No es algo sorprendente enterarse que los soberanos no se deben a nadie más que a sí mismos ¡Qué gran verdad! es lo que encontramos, no lo que imaginamos. Cuántas veces grandes lideres han incumplido sus promesas una vez llegados a la torre más alta, lugar desde el que dirigen con pleitesía la vida de millones; ésa parece ser la norma en los gobiernos. Pero, entonces ¿qué hay de esos que hoy en día conocemos como “estadistas” u “hombres de Estado”? ¿Se les conoce así a quienes después de llegar a los más altos puestos consumieron los recursos de sus reinos hasta que no quedara nada? ¡No!
Esos grandes hombres son quienes, sin estar obligados por un poder más grande, decidieron por voluntad propia fundar repúblicas, construir instituciones, crear tradición, conquistar imperios y otras grandes hazañas que hoy por hoy inspiran mitos, leyendas y biografías.
Hombres que se gobernaron a sí mismos para gobernar a los demás, que cultivaron su carácter para no caer ante los halagos de sus lacayos, quienes se formaron en las armas para prevenir la guerra en los momentos propicios, individuos que, en resumen, practicaron la virtud y la excelencia con el fin de solo deberse a sí mismos, y no caer frente a la falta de carácter en los infortunios.
¡Oh, gran ética! ¿Acaso el perfeccionamiento del cuerpo y del espíritu no forman parte de la más antigua tradición moral de nuestra civilización? ¿Será que estas costumbres, provenientes de la guerra y la estrategia militar, no son útiles a las más cruentas luchas políticas? ¿Los hombres de Estado no necesitan fortaleza, templanza, justicia y prudencia? ¿A caso el carácter no tiene nada que ver con la inteligencia?

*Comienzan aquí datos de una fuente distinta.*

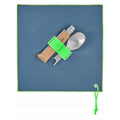 Opinel Picnic+ N°08 Besteckset Klappmesser Löffel Gabel Camping Buche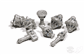 PolyHero Cleric 8 Dice Set Spirited Steel Tabletop Tycoon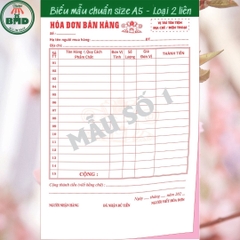 Hoá đơn bán hàng 2 liên-Block 6 quyển-chọn mẫu in tên
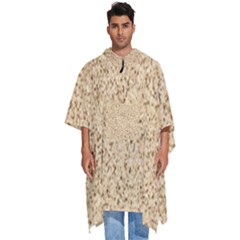 Yellow Sand Texture Men s Hooded Rain Ponchos by nateshop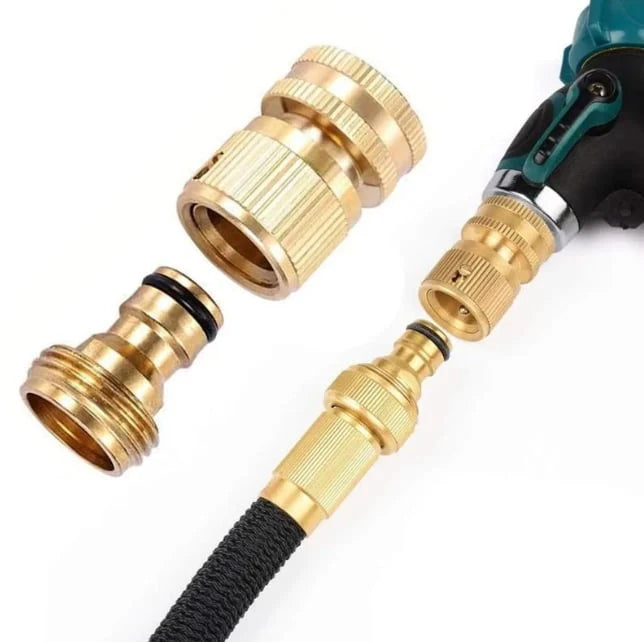 Outdoor Garden Hose Quick Connector for Garden Display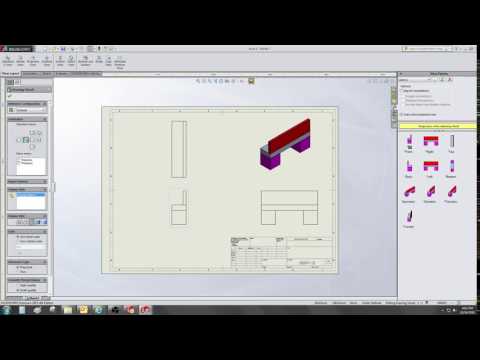 Change view orientation in drawing - solidworks 2015 - video 87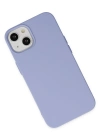 Newface iPhone 14 Plus Kılıf Nano içi Kadife Silikon - Lila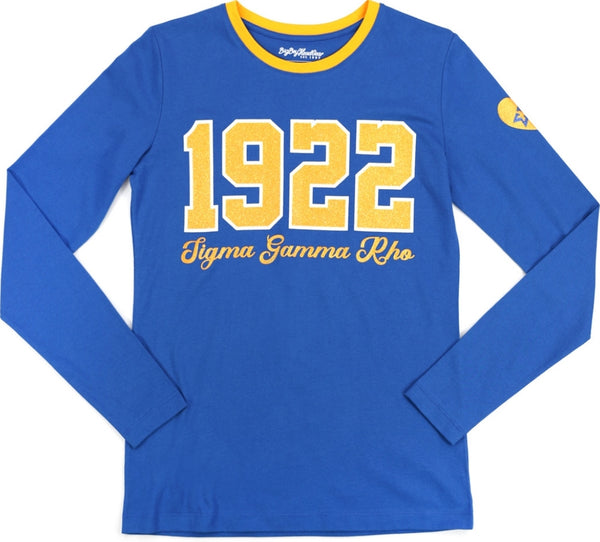 Big Boy Sigma Gamma Rho Divine 9 S4 Long Sleeve Tee [Royal Blue]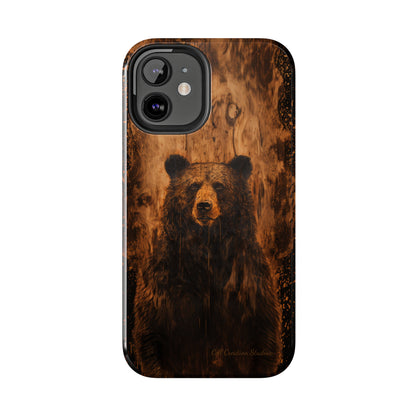 "Bear Wood Grain"-Tough Phone Cases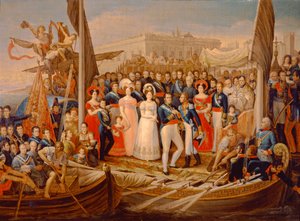 Ferdinand VII Disembarking in the Port of Santa Maria by José Aparicio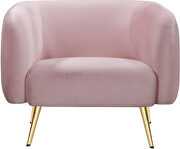 Elegant contemporary velvet / gold legs chair by Meridian additional picture 3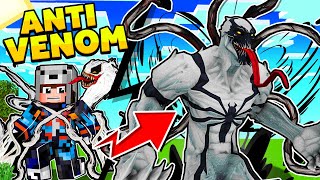 MAZ BỊ ANTI VENOM TẤN CÔNG | CHẾ TẠO THÀNH CÔNG VENOM TRẮNG | Mazk Minecraft 😈😀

Dejo preguntas para la reflexión.
Un hombre que no tenga principios, que no crea en nada (siquiera en sí mismo) y que no cultive su espíritu, es un hombre que nunca podrá gobernar a nadie; es un súbdito.
[1] La política no puede escapar a la normatividad, es por definición una actividad que requiere de la existencia de fines, de metas, de objetivos a la luz de los cuales serán identificados los medios adecuados. Sea la conservación del Estado o el bien común, esta no puede prescindir de aspiraciones dada la naturaleza motivacional del poder político.